Somente pela reunião destes três nomes – Charles Chaplin, Sophia Loren e Marlon Brando – este já seria um filme que merece ser visto. A Condessa de Hong Kong, ainda que tenha falhas evidentes, é mais do que apenas uma reunião eventual de três talentos ícones em seus campos. Mesmo já beirando os 80 anos, Chaplin mantinha o olhar vivo para a comicidade de cada situação por ele criada, e mesmo sua rápida aparição em cena como um velho camareiro coloca em evidência uma presença vívida, ainda que distante, como o mestre que observa seus pupilos a uma distância segura. A esses – muito mais Sophia do que Brando, que fique claro – cabem a tarefa de substituí-lo, sejam em gags bastante físicas – roupas largas, entra e sai de portas que abrem e fecham para lugar nenhum – ou em diálogos rápidos e afiados, deixando claro que o gênio do cinema mudo era assim por preferência, e não necessidade.
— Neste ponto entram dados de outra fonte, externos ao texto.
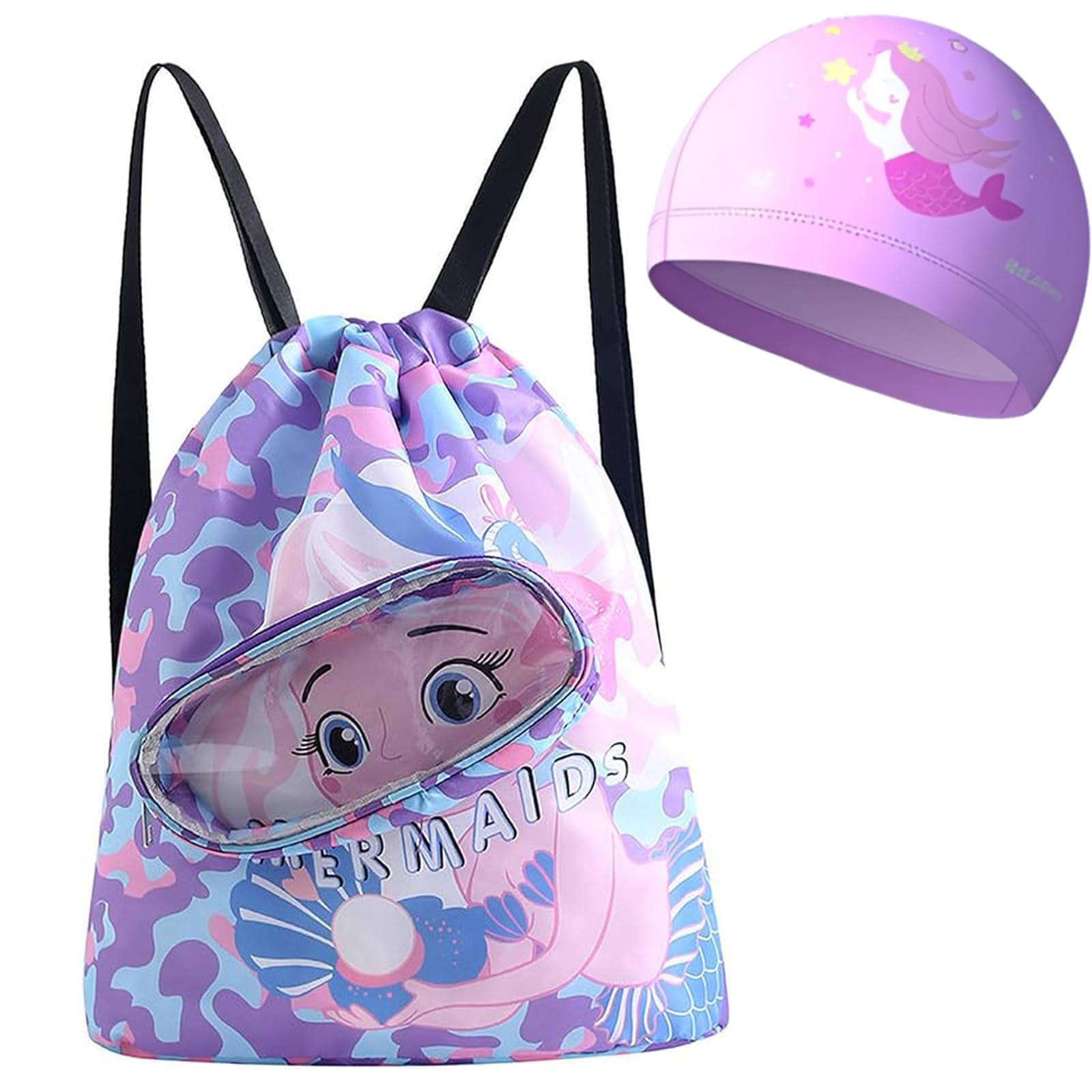 DXPETA Kids Swim Bag, Waterproof Swim Bag for Children, Swimming Bag with Cartoon Mermaid Design, Wet Bag for Swimming Lessons and Beach Vacations, 35 x 28 cm and 23 x 17.5 cm Sizes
La Loren é Natascha, a moça que vive uma realidade infeliz até que identifica uma oportunidade de mudança. Essa se manifesta na presença do diplomata norte-americano Ogden (Brando), em passagem por Hong Kong. Após uma noite de festa e bebida da qual nenhum dos dois recorda muito bem no dia seguinte, quando ele acorda, já em seu navio prestes a zarpar, a encontra trancada no seu armário. Mas ela não está ali por acaso – tudo faz parte de um plano de fuga. Quer ir embora, chegar à América e começar uma vida nova. Ele não vê nenhuma graça nisso, e fará de tudo para se livrar da convidada indesejada. Mas como tirar Sophia Loren – ou Natascha, se assim preferirem – do seu horizonte uma vez que ela própria insiste em ali permanecer?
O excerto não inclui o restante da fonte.